Problem description
Take the lines below from the one with "1840 N Kenmore Ave - Photo 6 of 14" through the one with "520 W Charnwood St, Tyler, TX 75701" and retype them exactly. Include nothing else, and no pictures.

The data
▬▬▬▬▬▬▬▬▬▬
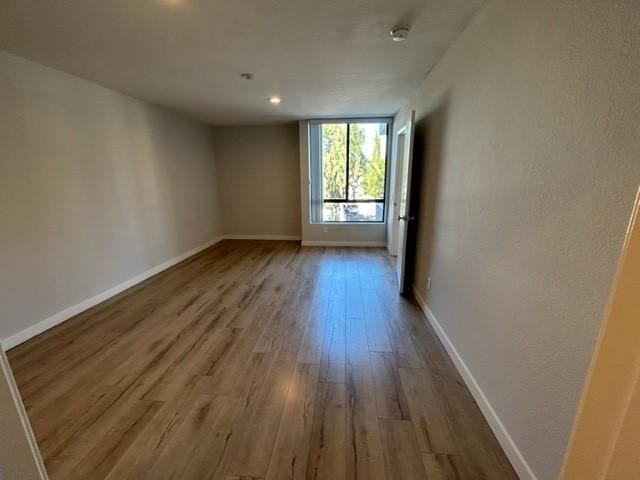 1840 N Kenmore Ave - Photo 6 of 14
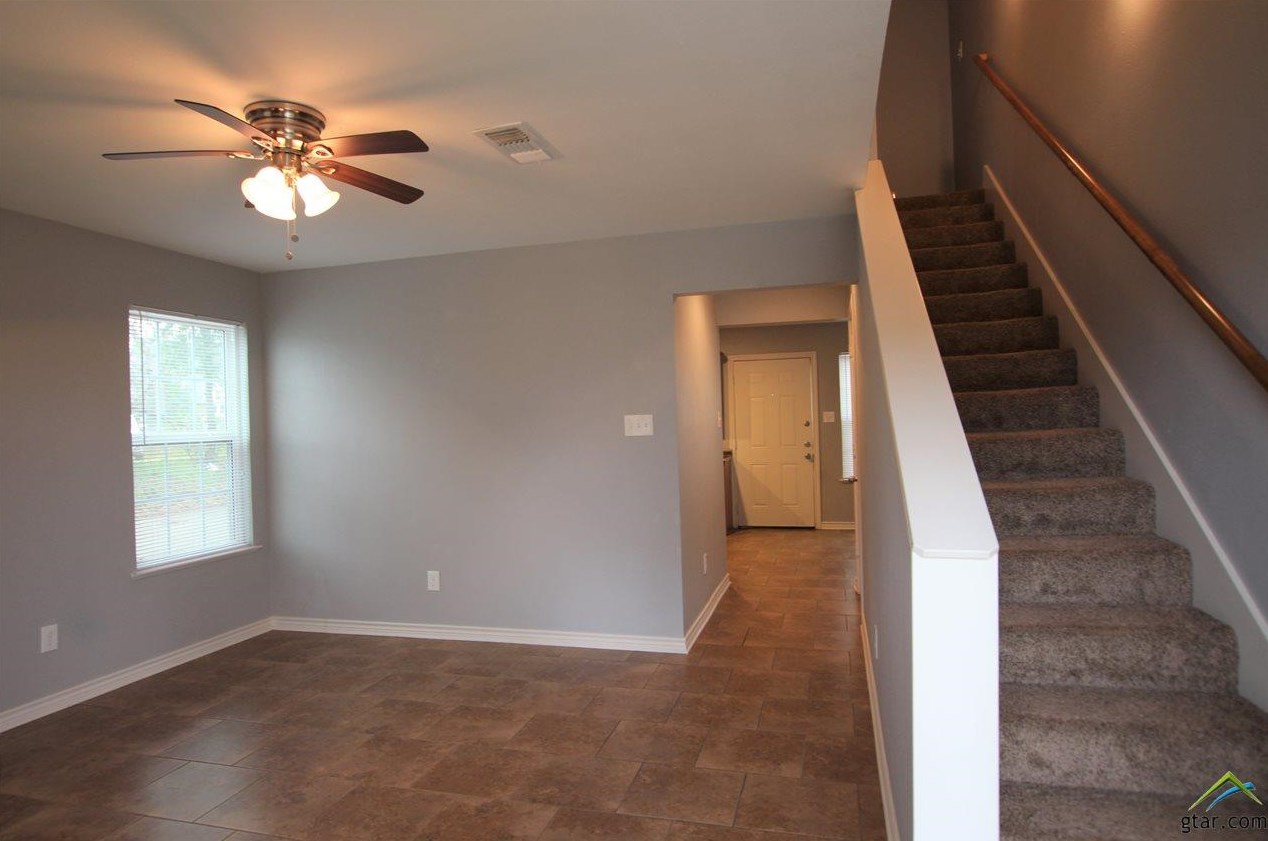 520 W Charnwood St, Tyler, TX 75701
▬▬▬▬▬▬▬▬▬▬
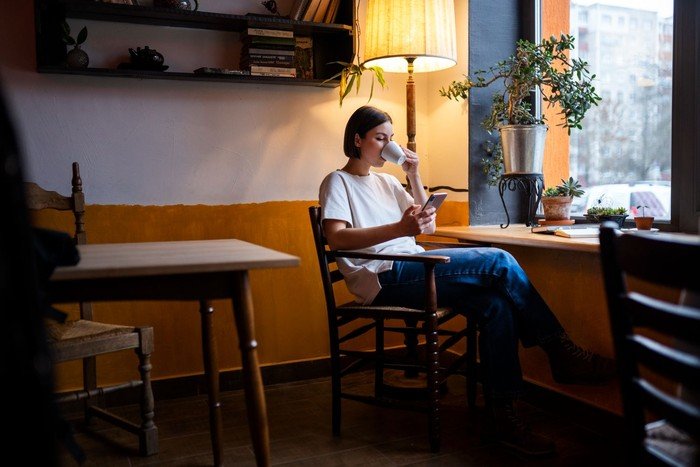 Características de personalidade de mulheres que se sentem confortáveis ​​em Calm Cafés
▬▬▬▬▬▬▬▬▬▬
Answer below
 1840 N Kenmore Ave - Photo 6 of 14
 520 W Charnwood St, Tyler, TX 75701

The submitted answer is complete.